Peacock:         Hmmm.  Was there alcohol served at this show, Miss Brahms?

Slocombe:       Oh, give ‘em a chance, Cpt. Peacock.

Lucas:             Yes, how bad can it get?  We've had the Trixie Trio, and lived
                      through that!

Humphries:      But we'll never get that night back again, Mr. Lucas.

Lucas:             True.

Mash:             Oy!  Speakin' of the Beatles, they're all in town today, y'know!
                      We ‘eard it on the radio down in Packin'.

Brahms:          Oh, that's right, all four of ‘em!

Humphries:     Yes, to sign some documents regarding all that messy legal business
                      they've had.  I was reading about it this morning.  They've finally
                      settled their differences.

Brahms:          Yeah, I saw it on the telly.  And they're goin' to sign the papers
                      over in Abbey Road, where they made all their records.

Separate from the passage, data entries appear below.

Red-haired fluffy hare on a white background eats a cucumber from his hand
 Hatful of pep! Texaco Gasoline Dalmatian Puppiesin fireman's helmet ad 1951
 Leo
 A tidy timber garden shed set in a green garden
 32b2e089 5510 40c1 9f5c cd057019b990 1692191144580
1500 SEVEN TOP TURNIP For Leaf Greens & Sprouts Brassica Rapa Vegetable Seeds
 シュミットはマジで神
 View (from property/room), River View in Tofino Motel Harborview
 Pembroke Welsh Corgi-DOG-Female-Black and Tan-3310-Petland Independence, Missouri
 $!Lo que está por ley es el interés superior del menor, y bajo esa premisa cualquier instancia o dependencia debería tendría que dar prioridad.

Slocombe:       Ooh, wouldn't it be fun to pop ‘round and get a peek?

Mash:             Hah! Too late for that! The radio announcer says it's a mob scene
                      in St. John's Wood, and they ‘aven't even arrived yet, ‘ave they?

Slocombe:       Tsk!  Well, everyone wants to see ‘em.

Peacock:         Yes, I recall reading about it, as well.  Apparently they're just
                      reuniting, as it were, to settle the paperwork, and there are no
                      performances anticipated.

Brahms:          Oh, that's such a shame.

Seymour arrives with a dolly loaded with guitar cases and amplifiers.

Humphries:    Well, we can just pretend that our doppelgangers are actually
                      the Beatles.

Lucas:           Aye, and that our dinner is actually edible.